Saved entries
________________

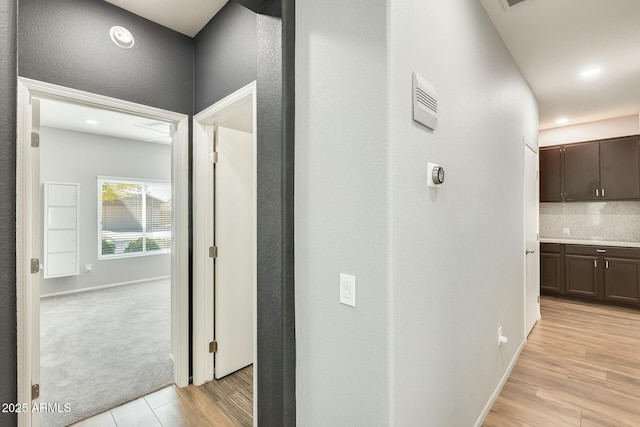 corridor featuring visible vents, baseboards, light wood-style floors, and light carpet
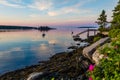 Dock and boats in bay in Boothbay, Maine, at sunrise in summer in soft beautiful light on reflective water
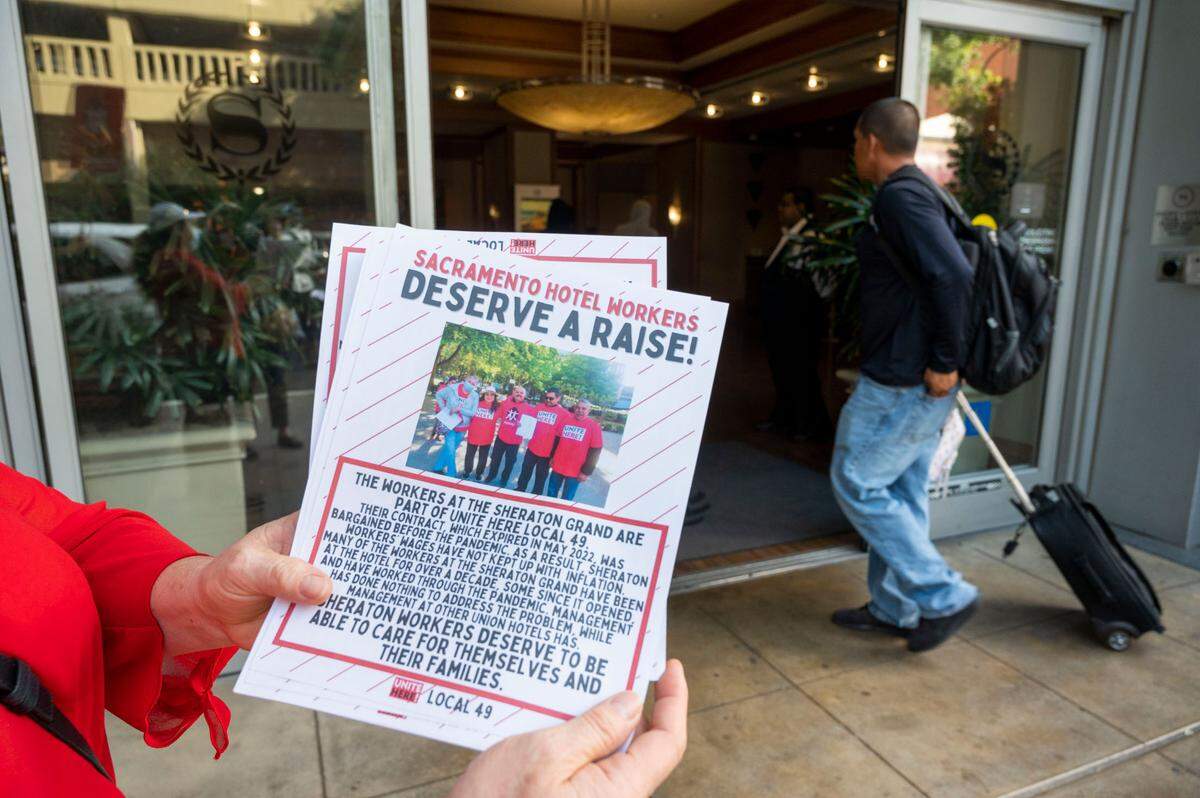 A hospitality worker from Local 49 hands out fliers in front of the Sheraton Grand Hotel in Sacramento on Wednesday during a rally to demand wage increases and address chronic short staffing.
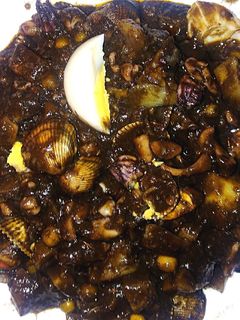 Una foto de Chipirones en su tinta con patatas y berberechos
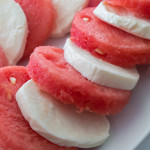 Watermelon and mozzarella cheese cut in rounds alternating on a white plate.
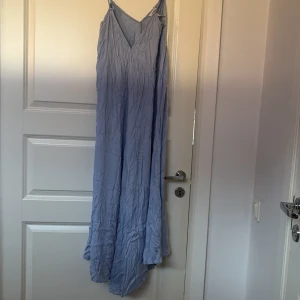 Ljusblå långklänning från Object - Säljer en vacker ljusblå långklänning från Object. Klänningen har en v-ringad design och smala axelband, perfekt för sommarens varma dagar. Materialet är lätt och luftigt, vilket gör den bekväm att bära. Passar utmärkt för en avslappnad och stilren look.
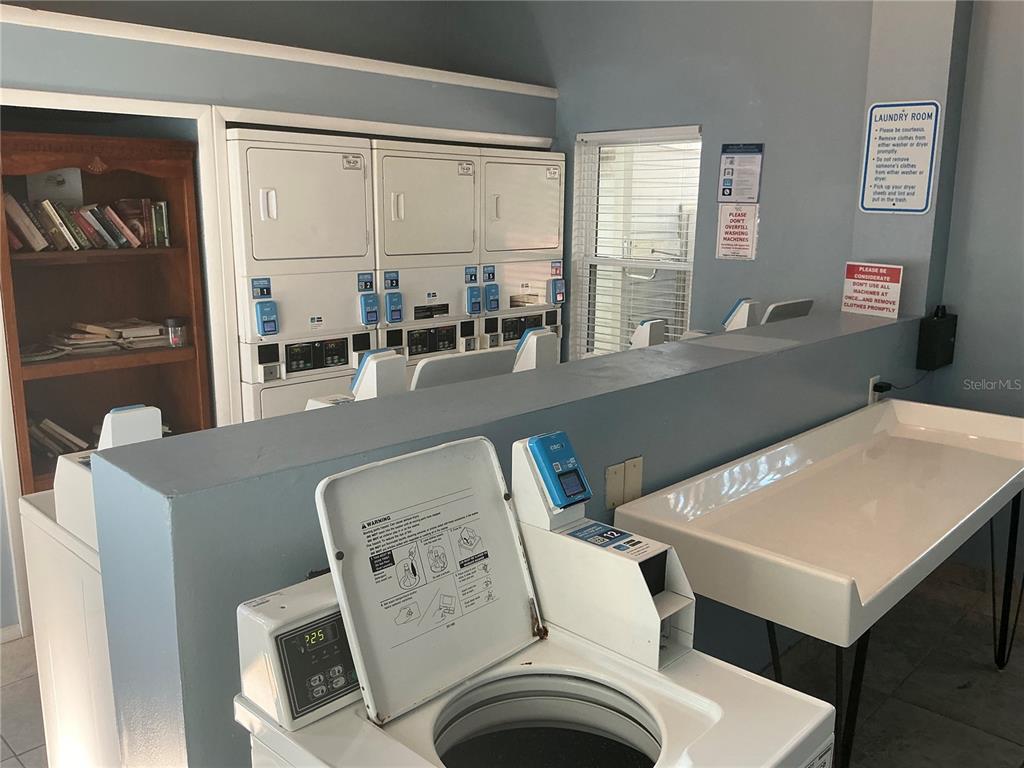 715 Sugar Bay Way, Unit 107 Lake Mary, FL 32746 - Photo 28 of 48 a living room with furniture and window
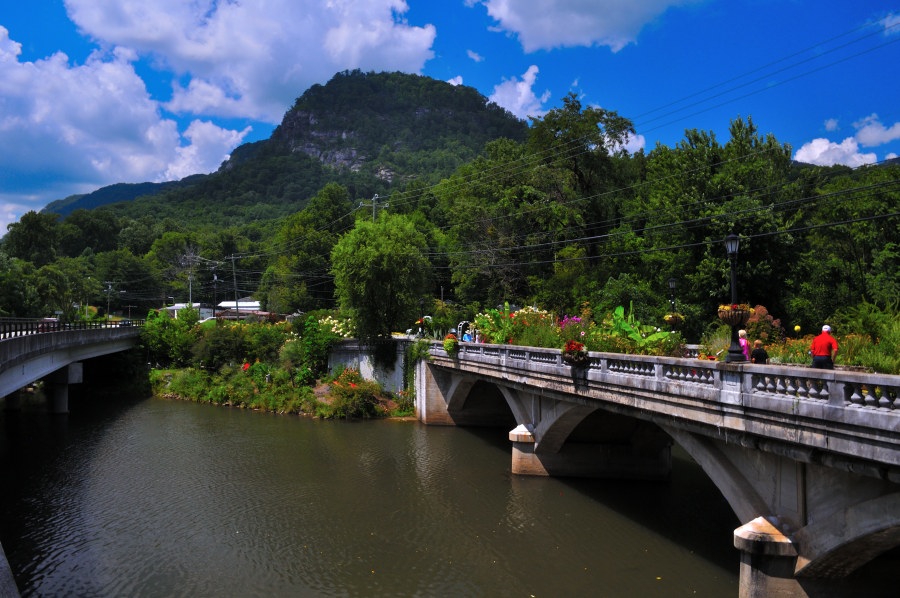 Two bridges side by side over a river. One Bridge has plants and flowers and people walking over while the other has traffic. A large mountain rises above the pair in the distance.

________________

The required output is an exact copy of the lines from the one with "715 Sugar Bay" through the final line of the data above, with pictures removed.

 715 Sugar Bay Way, Unit 107 Lake Mary, FL 32746 - Photo 28 of 48 a living room with furniture and window
 Two bridges side by side over a river. One Bridge has plants and flowers and people walking over while the other has traffic. A large mountain rises above the pair in the distance.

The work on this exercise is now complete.